As the judges in Trial Chamber One were fond of saying, the Special Court for Sierra Leone was an institution dedicated to finding the facts, and determining the truth or falsity of the charges against the accused. Making this task more difficult, however, was that communication at the Court frequently ran into problems. Sitting in the public gallery during the opening months of the trial, one of the most interesting features of courtroom encounters was, from my observations, their inconclusiveness. Cross-examination in particular was often an extremely laboured affair, counsel frequently failing to get straight answers to their questions. In this chapter I posit that these and other fact-finding difficulties stemmed in part from a cultural valorisation of furtiveness and dissimulation, complicated by other features of the social and cultural context, such as dissonant notions of space and time, inter-ethnic misunderstandings, orality, and the material poverty of many witnesses, not to mention problems of trauma and memory lapse.

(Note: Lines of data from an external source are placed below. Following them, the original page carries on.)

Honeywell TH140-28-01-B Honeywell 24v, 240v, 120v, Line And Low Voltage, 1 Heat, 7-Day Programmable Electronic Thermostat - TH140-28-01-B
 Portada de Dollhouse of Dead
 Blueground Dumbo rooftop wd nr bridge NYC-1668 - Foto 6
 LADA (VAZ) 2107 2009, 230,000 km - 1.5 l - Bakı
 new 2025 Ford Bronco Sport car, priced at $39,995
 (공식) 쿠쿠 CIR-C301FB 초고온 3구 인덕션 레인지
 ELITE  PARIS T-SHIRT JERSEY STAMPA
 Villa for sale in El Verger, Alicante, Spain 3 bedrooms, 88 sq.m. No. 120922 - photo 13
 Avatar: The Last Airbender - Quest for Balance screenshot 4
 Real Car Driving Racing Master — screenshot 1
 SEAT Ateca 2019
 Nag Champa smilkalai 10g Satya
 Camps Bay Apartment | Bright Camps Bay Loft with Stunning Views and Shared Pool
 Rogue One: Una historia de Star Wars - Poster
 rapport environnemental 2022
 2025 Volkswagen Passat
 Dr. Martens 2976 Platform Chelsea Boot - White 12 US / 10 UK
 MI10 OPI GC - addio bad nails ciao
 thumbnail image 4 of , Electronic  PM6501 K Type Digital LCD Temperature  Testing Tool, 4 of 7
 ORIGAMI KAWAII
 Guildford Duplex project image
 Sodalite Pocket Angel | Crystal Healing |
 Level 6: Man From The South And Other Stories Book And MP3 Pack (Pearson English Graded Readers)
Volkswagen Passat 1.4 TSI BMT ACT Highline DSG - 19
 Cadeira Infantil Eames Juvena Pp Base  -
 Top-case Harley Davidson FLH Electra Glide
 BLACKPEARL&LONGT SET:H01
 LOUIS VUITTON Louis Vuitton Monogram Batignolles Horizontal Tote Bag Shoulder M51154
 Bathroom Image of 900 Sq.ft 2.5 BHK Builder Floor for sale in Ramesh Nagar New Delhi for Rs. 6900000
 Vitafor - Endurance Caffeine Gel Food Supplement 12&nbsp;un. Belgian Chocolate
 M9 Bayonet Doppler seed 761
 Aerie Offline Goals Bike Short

SECRECY AND AMBIGUITY IN SIERRA LEONE
The great German sociologist Georg Simmel thought that secrecy was one of mankind's greatest achievements (Simmel 1906, 462). A universal human attribute, secrecy was distributed differently in different types of society. In less developed societies, public offices were often enveloped in secrecy and mysticism, while private individuals, because they tended to live in close proximity to one another, were exposed to a great degree of public prying (Simmel 1906, 468). Secrecy was often used to protect groups that were immature or otherwise insecure, and in new societies, a select group would often establish its dominance by recourse to some secret or lie, which thereafter conferred solidarity and collective efficacy (Simmel 1906, 471, 446).